| BRIEF |
The lines below from the one with "雅德兰遗产酒店瓦拉玛精选(Jadran Heritage Hotel, Valamar" up to and including the one with "Intel 660p 1TB 1800MB/s NVMe M.2 (2280) SSD" are what you should set down, exactly and without pictures.

| RECORDS PROVIDED |
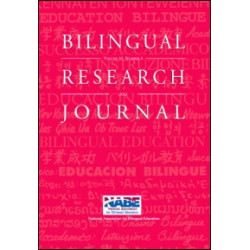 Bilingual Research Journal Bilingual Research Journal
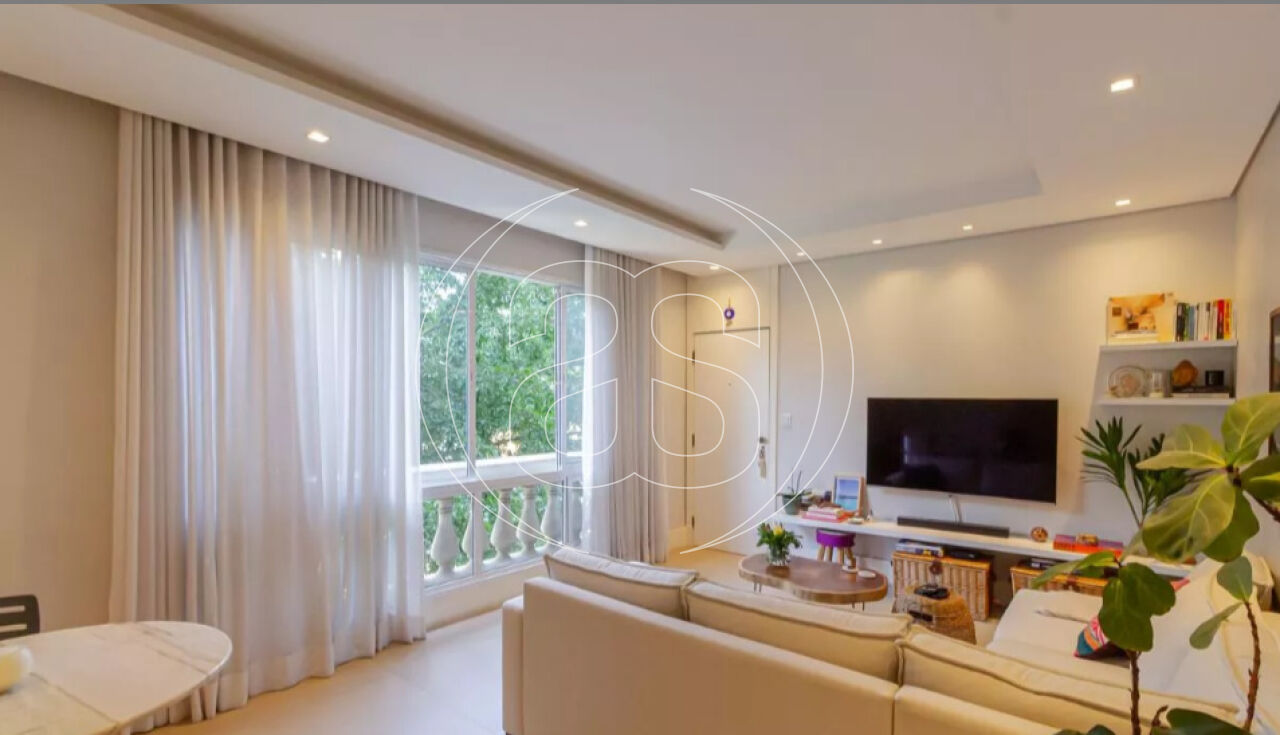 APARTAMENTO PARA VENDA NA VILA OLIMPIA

--

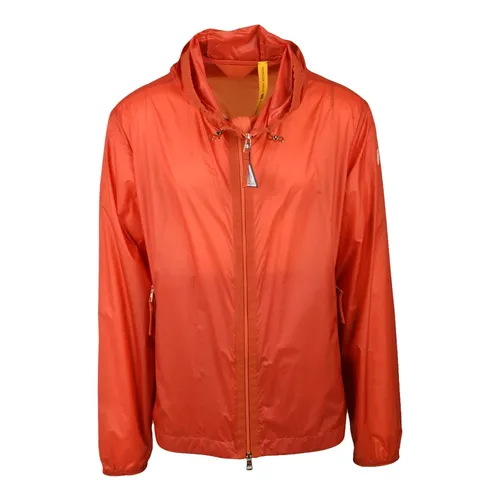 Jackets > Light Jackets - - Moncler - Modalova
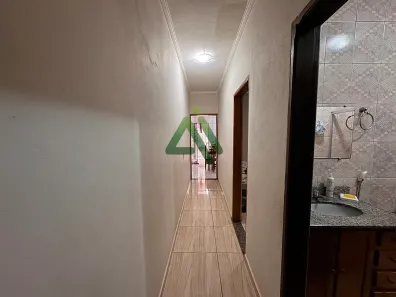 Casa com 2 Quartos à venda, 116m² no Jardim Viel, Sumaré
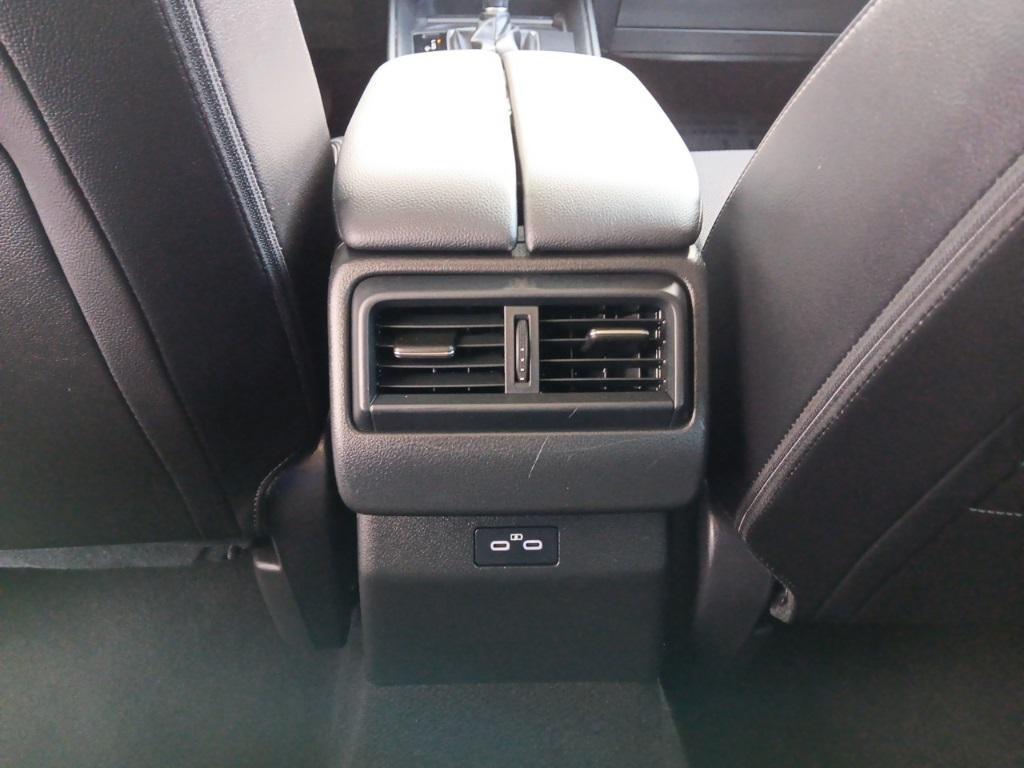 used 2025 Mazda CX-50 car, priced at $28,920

==

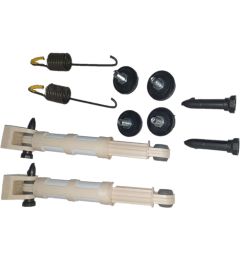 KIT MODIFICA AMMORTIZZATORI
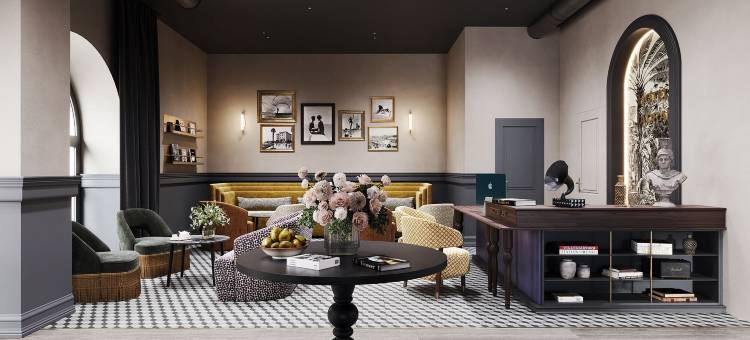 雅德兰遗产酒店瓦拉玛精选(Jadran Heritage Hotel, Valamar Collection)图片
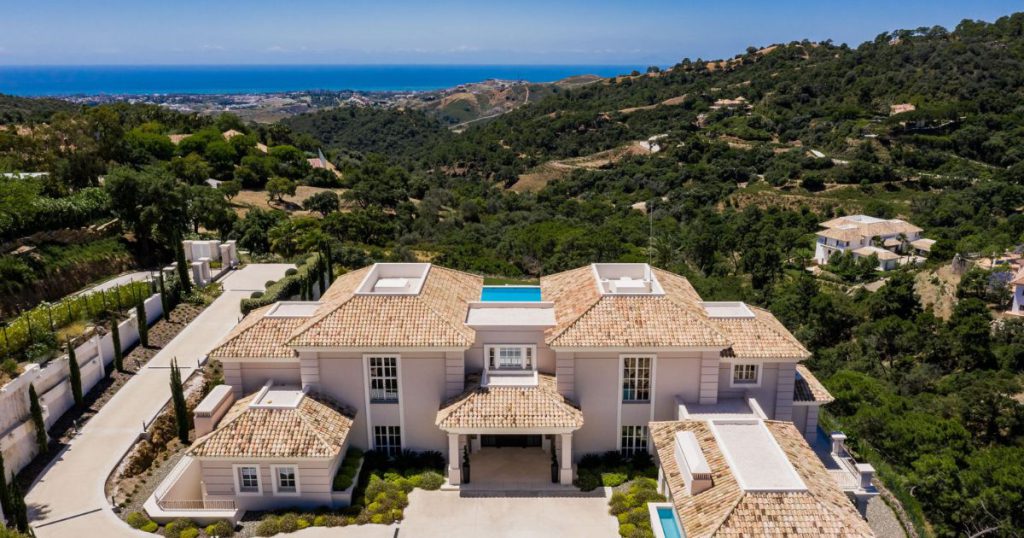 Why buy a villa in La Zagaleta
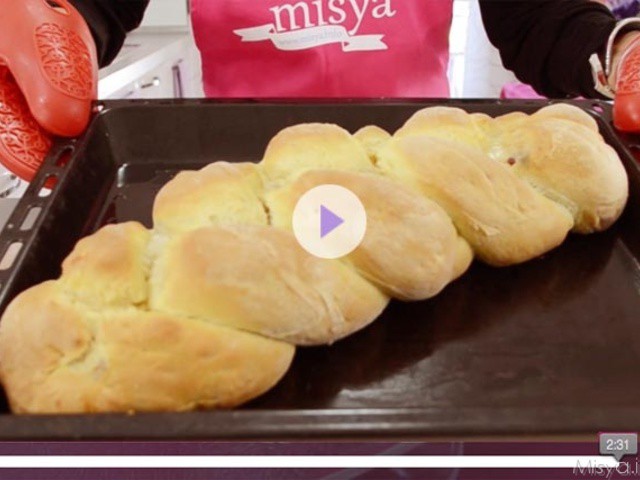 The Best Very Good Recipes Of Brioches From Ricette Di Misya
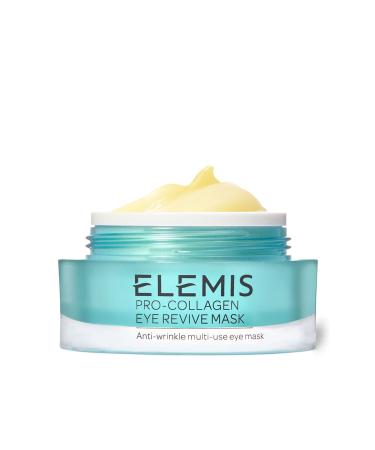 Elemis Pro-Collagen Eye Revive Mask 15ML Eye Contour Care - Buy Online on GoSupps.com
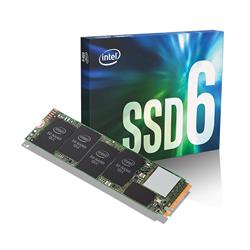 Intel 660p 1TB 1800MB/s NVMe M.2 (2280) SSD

| EXERCISE RESPONSE |
 雅德兰遗产酒店瓦拉玛精选(Jadran Heritage Hotel, Valamar Collection)图片
 Why buy a villa in La Zagaleta
 The Best Very Good Recipes Of Brioches From Ricette Di Misya
 Elemis Pro-Collagen Eye Revive Mask 15ML Eye Contour Care - Buy Online on GoSupps.com
 Intel 660p 1TB 1800MB/s NVMe M.2 (2280) SSD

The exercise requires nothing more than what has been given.